Sharif Fajardo

Personal information
- Born: June 9, 1976 (age 49) New York City, New York
- Nationality: Puerto Rican
- Listed height: 6 ft 9 in (2.06 m)
- Listed weight: 235 lb (107 kg; 16.8 st)

Career information
- College: UTEP (1995–1999)
- NBA draft: 1999: undrafted
- Playing career: 1999–2008
- Position: Power forward

= Sharif Fajardo =

Puerto Rican basketball player

Sharif Karim Fajardo Blanding (born June 9, 1976) is a Puerto Rican former professional basketball player. Fajardo has played in the CBA, NCAA, and the National Superior Basketball League of Puerto Rico (BSN) with Santurce Crabbers, Quebradillas Pirates and the San Germán Athletics. Fajardo has played internationally in France, Italy, and Greece. Fajardo participated in the 2005 Pre-Season Training Camp of the Toronto Raptors of the NBA. Fajardo was a member of the Puerto Rican National Basketball Team, most notably the 2004 Puerto Rican National Basketball Team that defeated the United States at the 2004 Olympic Games in Greece.

==Biography==
In 2001/02 season, he played in the Italian LegADue for Pallacanestro Messina.

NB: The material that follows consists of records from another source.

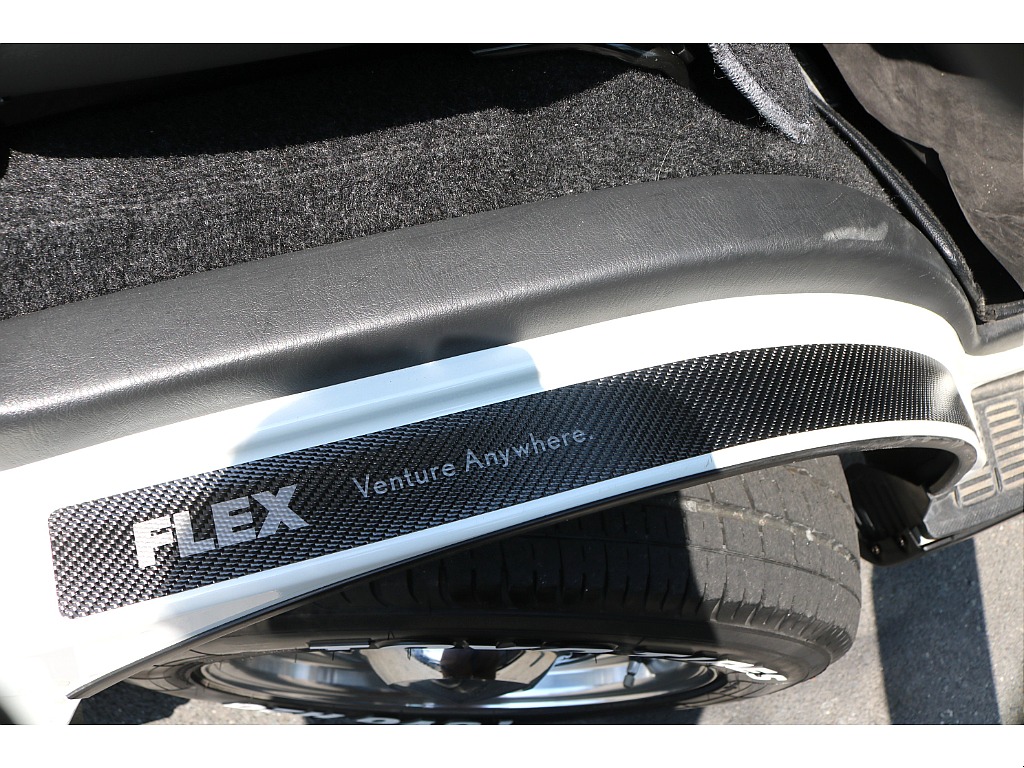 FLEXスカッフガード付き♪
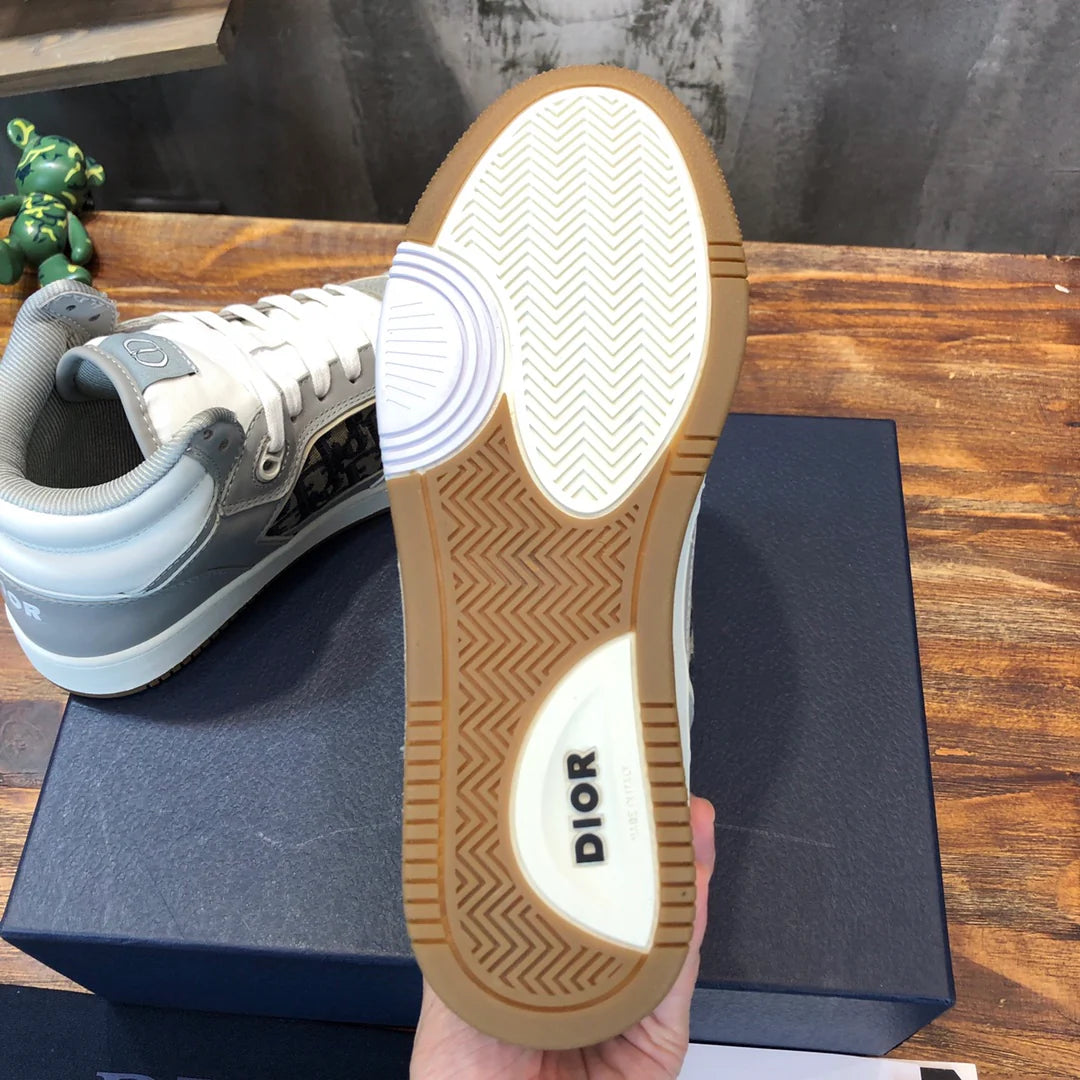 DIOR SNEAKER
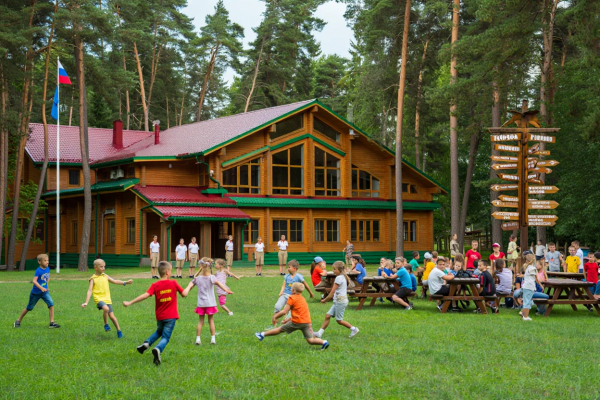 Стоимость питания для детей в летних лагерях Смоленской области увеличили на 4%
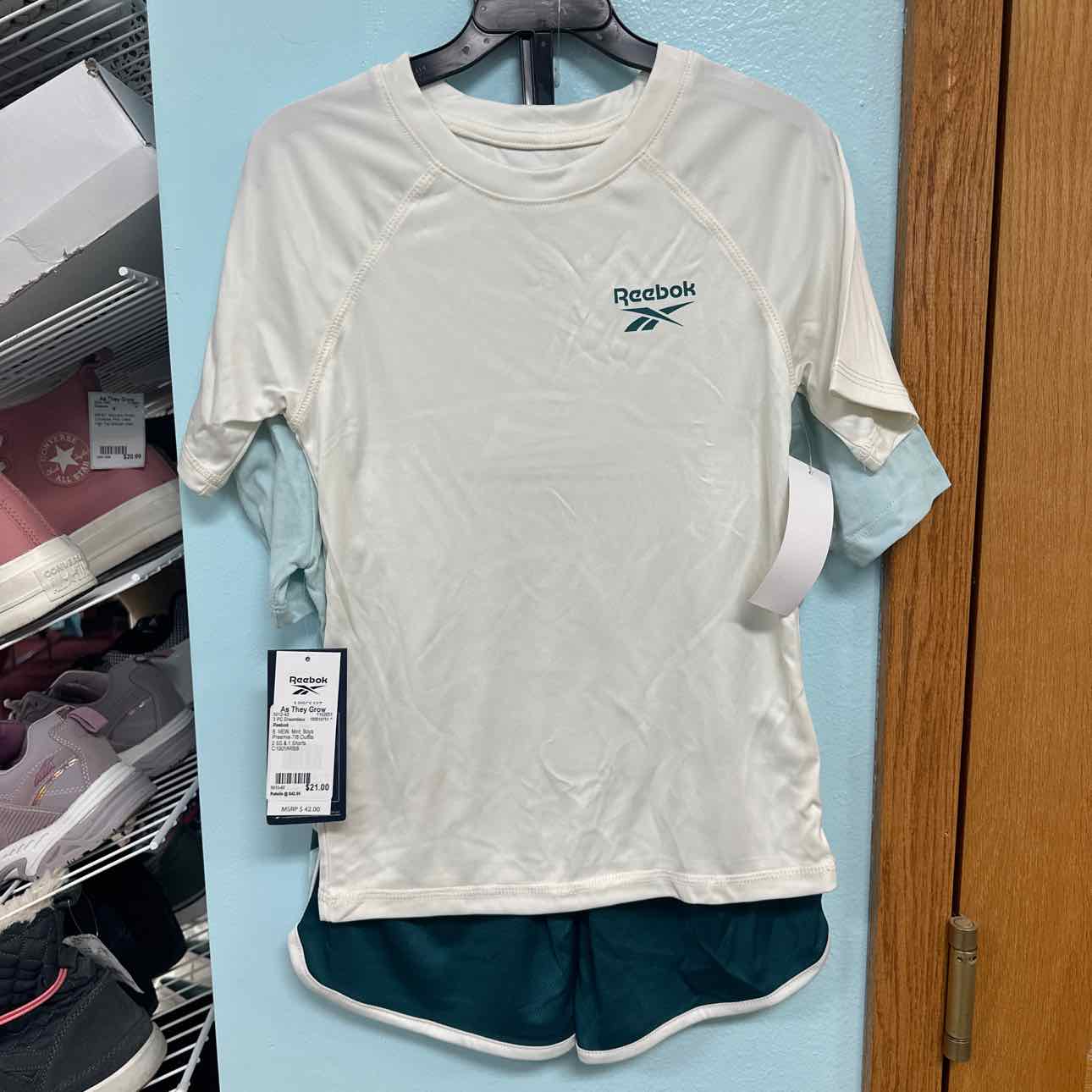 8 NEW Reebok 3 PC Ensembles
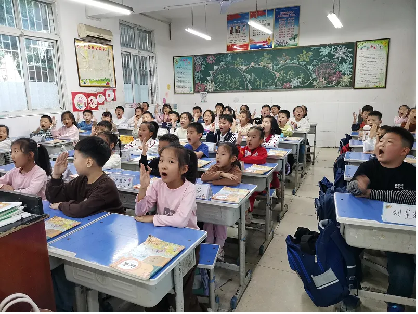 駐馬店市第三小學(xué)開(kāi)展2025年秋季學(xué)期一、二年級(jí)習(xí)慣口令化展示活動(dòng)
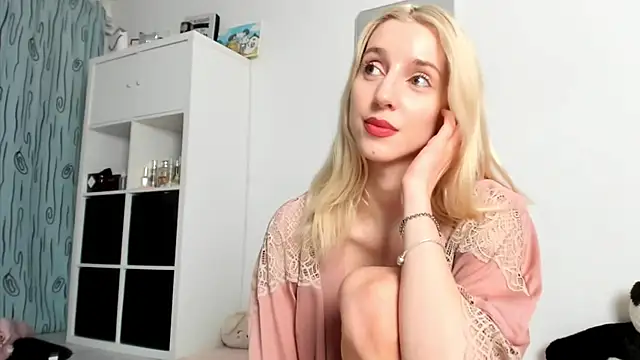 KenzieDawton online show from September 8, 2025, 7:46 pm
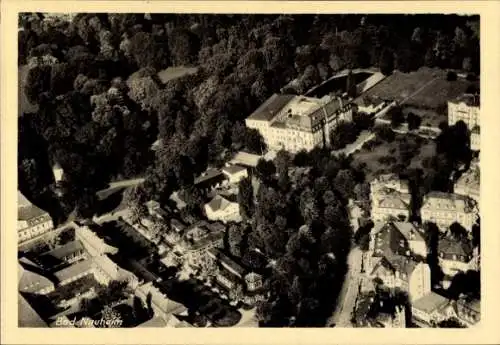 Ak Bad Nauheim in Hessen, Luftbildaufnahme von  Wälder, Gebäude, Stadtansicht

In 2002, Fajardo was close to joining the Pompea Napoli Italian Serie A, but never did due to an injury and an adaptation about the number of extra-EEC players. He underwent surgical treatment at his left knee in Sep 02. On Nov 02, Fajardo moved to Idaho Stampede of the Continental Basketball Association (CBA) and was waived on Jan 03. Fajardo played in 21 games and averaged 14.3 PPG 5.4 RPG 1.5 APG., Fajardo also played shortly at Iraklio Crete, Greece playing in 3 games averaging 4.7 PPG, 1.7 RPG, with 1 assist.

In 2003, he joined the San Germán Athletics of the National Superior Basketball League of Puerto Rico (BSN). He went on to play for the Coop Nordest Trieste of the Italian Serie A, where he played in 28 games averaging 15.1 PPG, 7.3 RPG, and 0.6 APG.

In summer of 2004, Fajardo was a power forward of the 2004 Puerto Rican National Basketball Team that defeated the United States in the 2004 Olympic Games.

In 2004, he played for Strasbourg IG of the French ProA where he played in the FIBA Europe League playing in 13 games averaging 17.4 PPG, 6.3 RPG, 8 assists, .549 field goal percentage, .459 3-point percentage. During the French ProA League, Fajardo played in 33 games averaging 13.7 PPG, 4.7 RPG, 0.8 APG, 0.2 SPG, .475 field goal percentage, .271 3-point percentage. Fajardo helped Strasbourg IG win the French Championship in 2004–2005 season.

In 2005, Fajardo was invited to play with Toronto Raptors during the NBA Summer Pro League. He signed with the Arecibo Captains of the National Superior Basketball League of Puerto Rico (BSN). He also played in the Italian Lega2 with Banco di Sardegna Sassari.

In 2006, Fajardo injured his knee and was unable to participate with the Puerto Rican National Basketball Team in Japan in the 2006 FIBA World Championship.

In 2007, Fajardo before playing with the Santurce Crabbers of the National Superior Basketball League of Puerto Rico (BSN).